*Task to complete*: If an entry holds a picture, drop the picture but restate the entry word for word.

*Captioned web images*:

*** Block opens ***

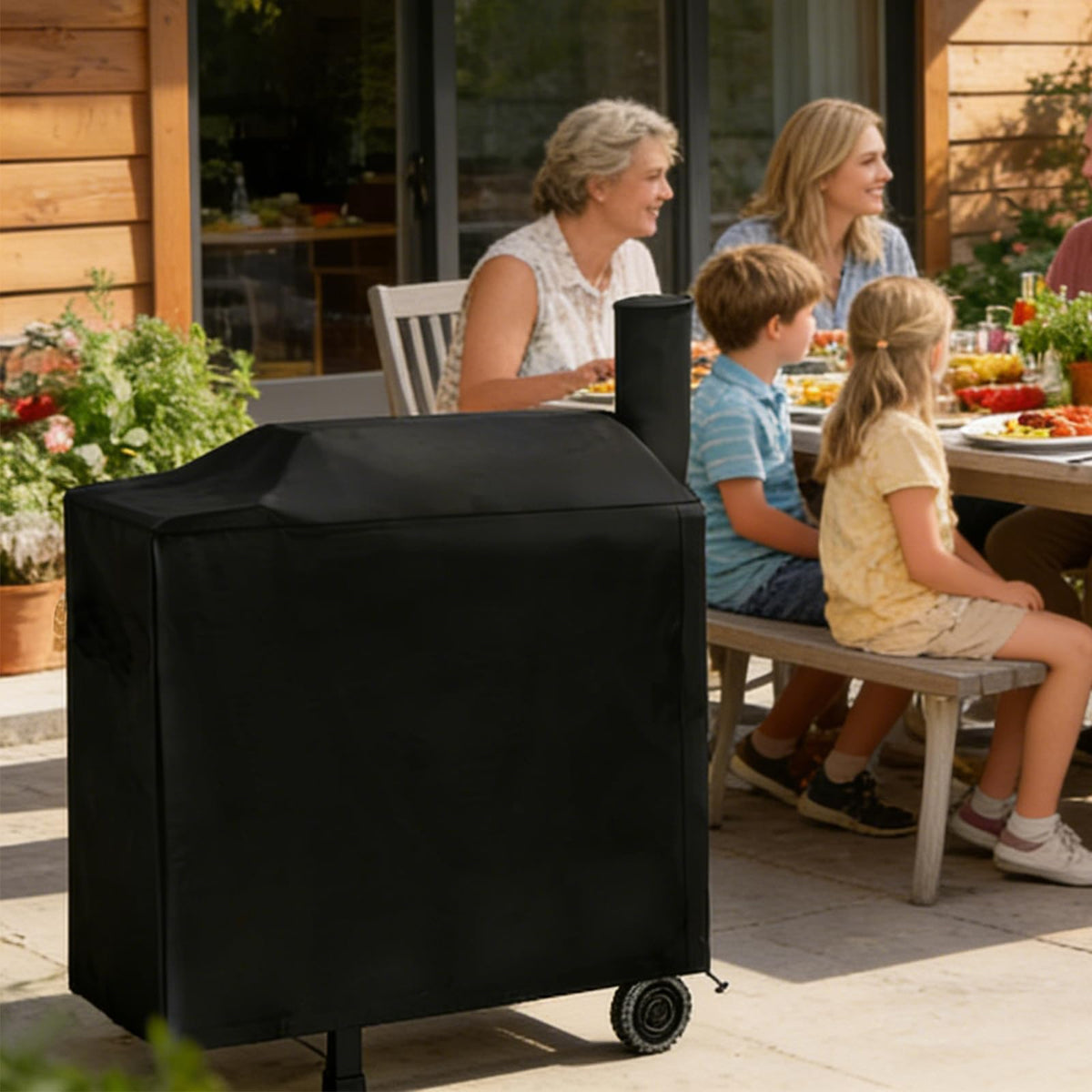 Blackhoso outdoor protection for year-round grilling with Z Grills.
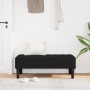 Banco Negro 113x57x39 cm de Terciopelo | Foro24.es | Tu tienda online para hogar, jardín y más Foro24.es
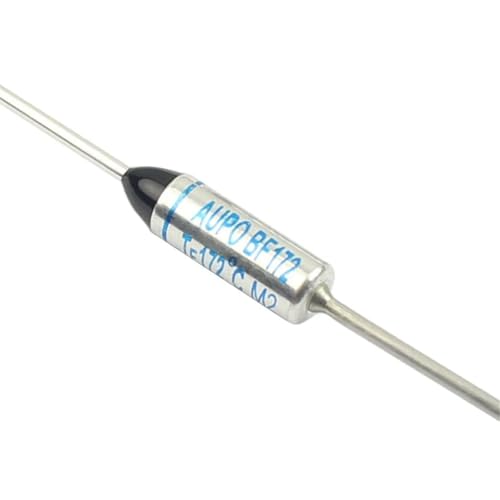 Fusible thermique BF172 172° 10A 250V pastille TF fil axial AUPO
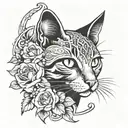 cat memorial tattoo tattoo design idea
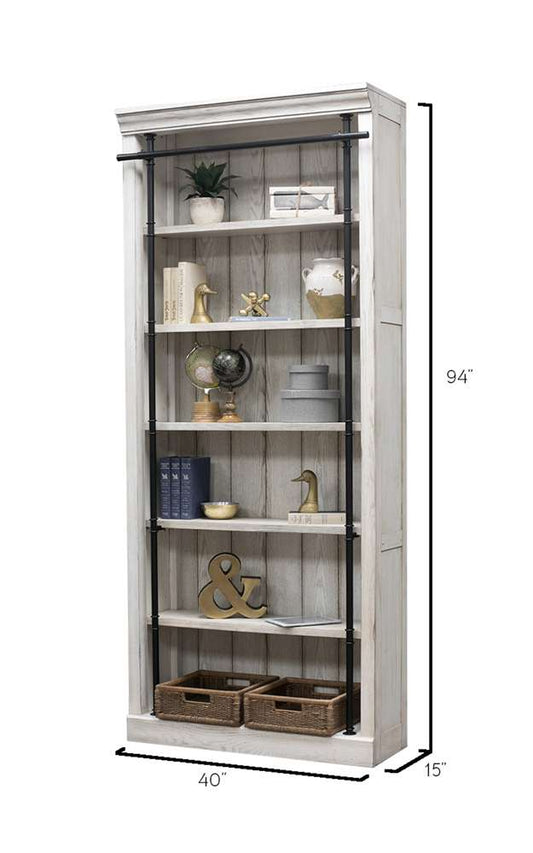 Martin Furniture - Avondale 8 Tall Wood Bookcase, Fully Assembled, White - IMAE4094W veiw 1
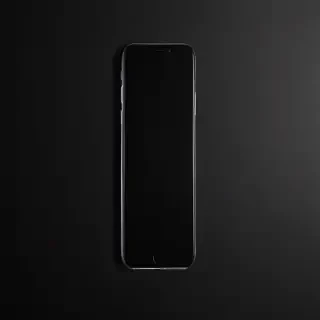 black background phone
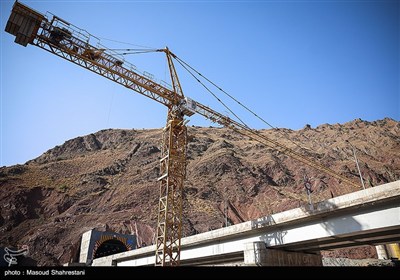 فاز 2 آزاد راه تهران شمال در آستانه بهره برداری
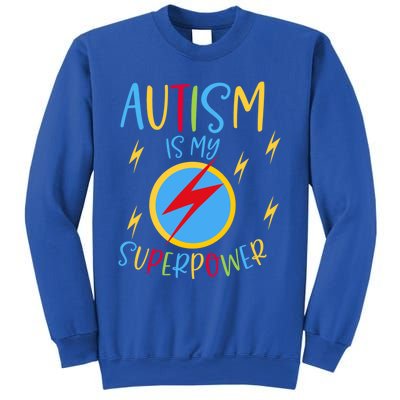 Autism Awareness Ribbon Is My Superpower Meaningful Gift Sweatshirt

*** Block closes ***

*Solved problem*:
 Blackhoso outdoor protection for year-round grilling with Z Grills.
 Banco Negro 113x57x39 cm de Terciopelo | Foro24.es | Tu tienda online para hogar, jardín y más Foro24.es
 Fusible thermique BF172 172° 10A 250V pastille TF fil axial AUPO
 cat memorial tattoo tattoo design idea
 Martin Furniture - Avondale 8 Tall Wood Bookcase, Fully Assembled, White - IMAE4094W veiw 1
 black background phone
 فاز 2 آزاد راه تهران شمال در آستانه بهره برداری
 Autism Awareness Ribbon Is My Superpower Meaningful Gift Sweatshirt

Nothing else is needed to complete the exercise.